Do you remember when executive cars we driven by properly executive people? Blokes in baggy suits with large ties holding leathery breifcases. Women in skirt-suits with shoulder pads and perms. All driving up and down the country selling carpets and printer ink. Those were good times, weren't they? Of course, with the internet and mobile phones there's much less of that sort of thing these days.
Interestingly, the focus of today's rewind Wednesday was our favourite executive car when the downfall of these motorway-warriors was just beginning. Indeed, the E34 BMW 5 Series was What Car?'s preferred executive in both 1989 and 1990. The same time Tim Berners-Lee was busy programming the first ever web browser over in Switzerland.
And, by chance, Tim Berners-Lee and the 5 Series you see before you have something in common. Yes, really. You see, Tim's from my home town in Dorset, while the E34 pictured was my very own car. So, although I was lying on my back in a crib making gurgling noises in 1989, I can tell you what it's like to own an E34 today.
Where it all started
BMW's thrid-generation 5 Series was a real leap forward from the previous E28 model. It looked far more modern and butch for starters and there was a huge amount of choice on offer for buyers: four, six or eight-cylinder engines were up for grabs in petrol and diesel forms and with manual and automatic gearboxes. This was the first 5 to feature all-wheel drive with the 525iX model (the rest were rear-drive) and a bigger-booted Tourer estate model followed the saloon.

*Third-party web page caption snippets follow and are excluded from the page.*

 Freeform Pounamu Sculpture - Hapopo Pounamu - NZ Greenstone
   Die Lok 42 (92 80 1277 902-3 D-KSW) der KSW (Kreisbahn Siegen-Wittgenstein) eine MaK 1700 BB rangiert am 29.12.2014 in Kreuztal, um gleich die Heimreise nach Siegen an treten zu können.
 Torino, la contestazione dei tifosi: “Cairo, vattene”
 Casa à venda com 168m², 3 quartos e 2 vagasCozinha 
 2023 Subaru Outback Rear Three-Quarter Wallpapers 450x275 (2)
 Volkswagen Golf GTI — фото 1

And although they never made their way to the UK, the E34 was also offered as a natural gas model in Germany, called the 518g, while the 518iev was a hybrid version which combined a four-cylinder petrol engine and battery packs. OK, so the latter never made it past the prototype stage, but this was some seriously forward-thinking stuff for the mid-90s.

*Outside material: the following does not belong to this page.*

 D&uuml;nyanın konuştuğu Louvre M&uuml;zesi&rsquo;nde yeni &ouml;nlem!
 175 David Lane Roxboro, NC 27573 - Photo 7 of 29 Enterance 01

At the other end of the scale was the E34 M5, which was first powered by a 311bhp 3.6-litre straight-six petrol engine, but was later upgraded to a 335bhp 3.8-litre, when it could sprint to 62mph in 5.9sec and was electronically held back at 155mph. Unlike the M5s of today, this range-topping E34 was available in both saloon and estate bodystyles.
Our 1989 and 1990 Executive Car of the Year
But there was only one version that was good enough for our Executive Car of The Year in 1989 and 1990, and that was the 525i SE. Like the E34 M5 it also had a straight-six petrol engine, but one which produced a more sedate 169bhp. In fact, we said "despite some impressive weight saving on the bodywork, the smooth 2.5-litre straight-six engine has to be worked pretty hard in order to extract the best performance."

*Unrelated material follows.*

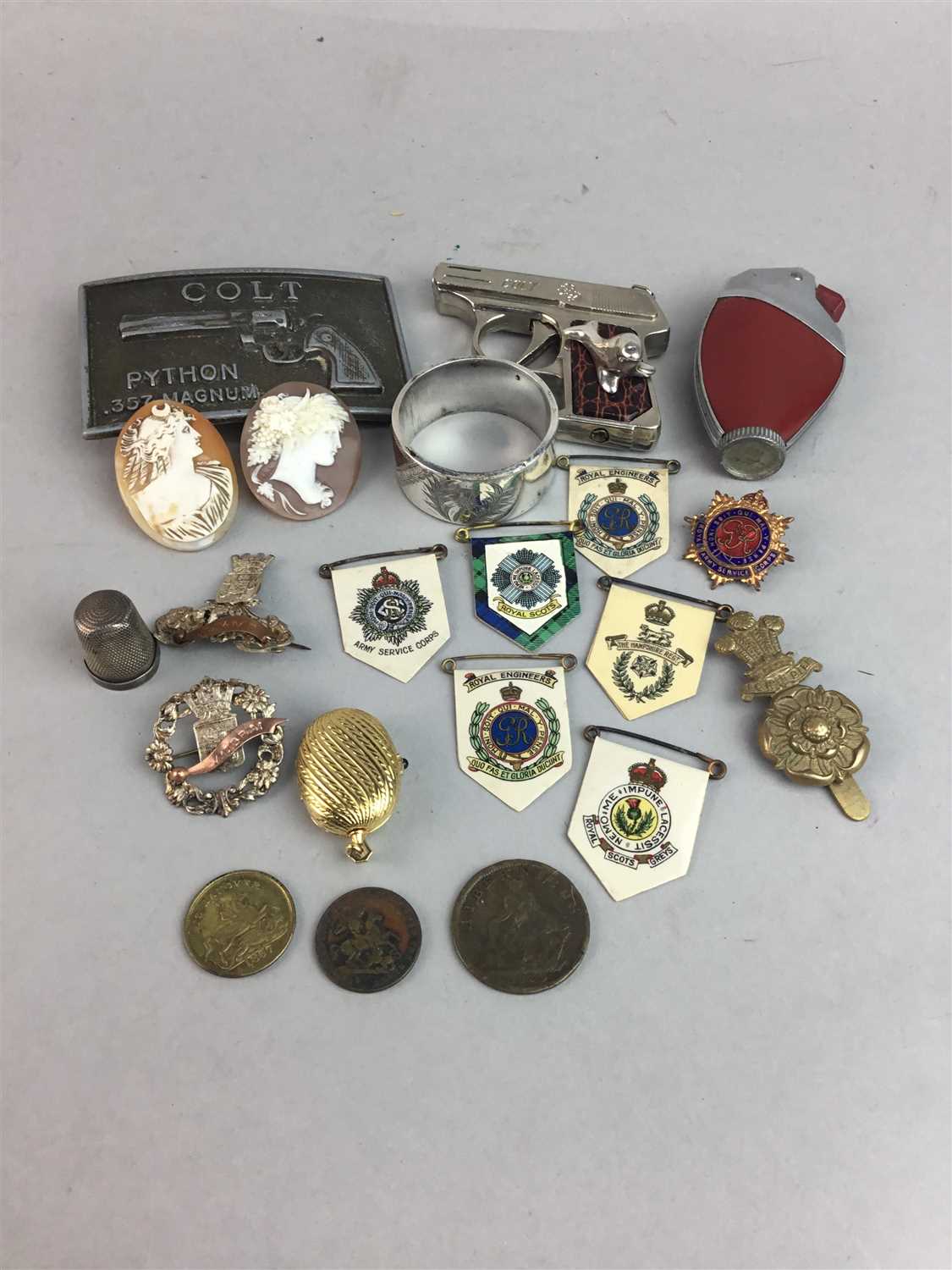 Lot 132 - A SILVER NAPKIN, RING, SILVER THIMBLE AND OTHER ITEMS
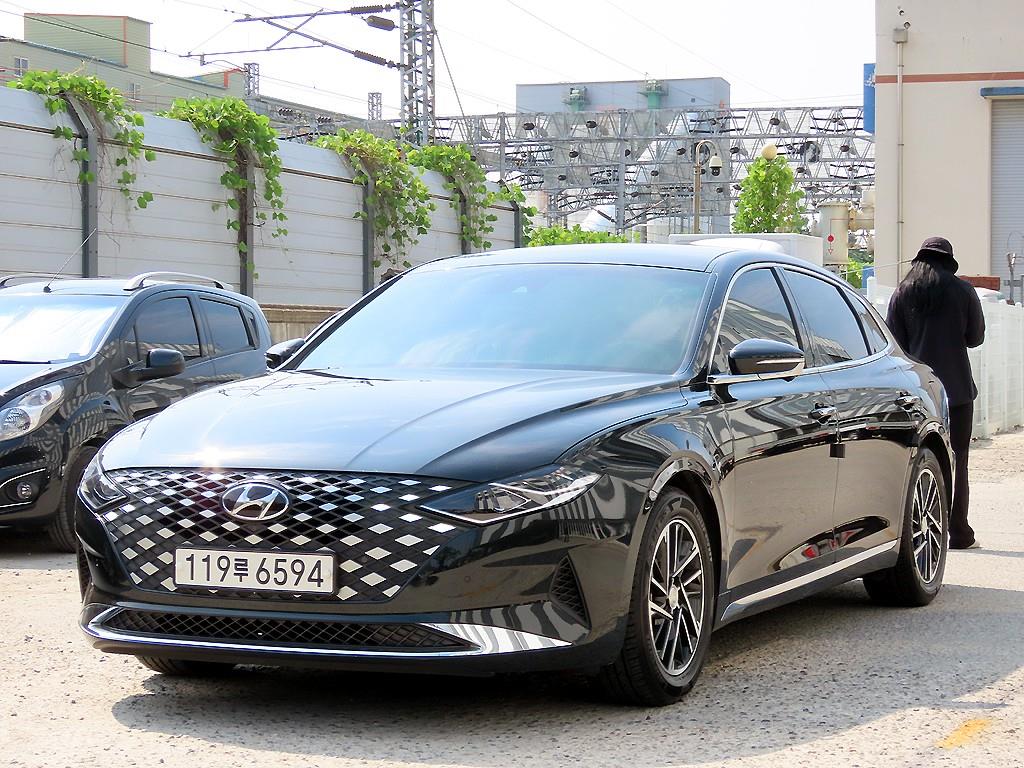 HYUNDAI Grandeur - Vista 2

However, there was plenty that was positive, including the car's advanced electronics for the time, including "an on-board computer (which) not only controls engine management and a host of other running functions, but also monitors and records faults that it 'confesses' to the main dealer computer when it goes in for a service."
SE trim was good enough for us, although we thought "a Special Equipment package, that has proved so popular in the UK" was worth adding, as it "lifts the car up into contention with Jaguar and the bigger Mercedes models."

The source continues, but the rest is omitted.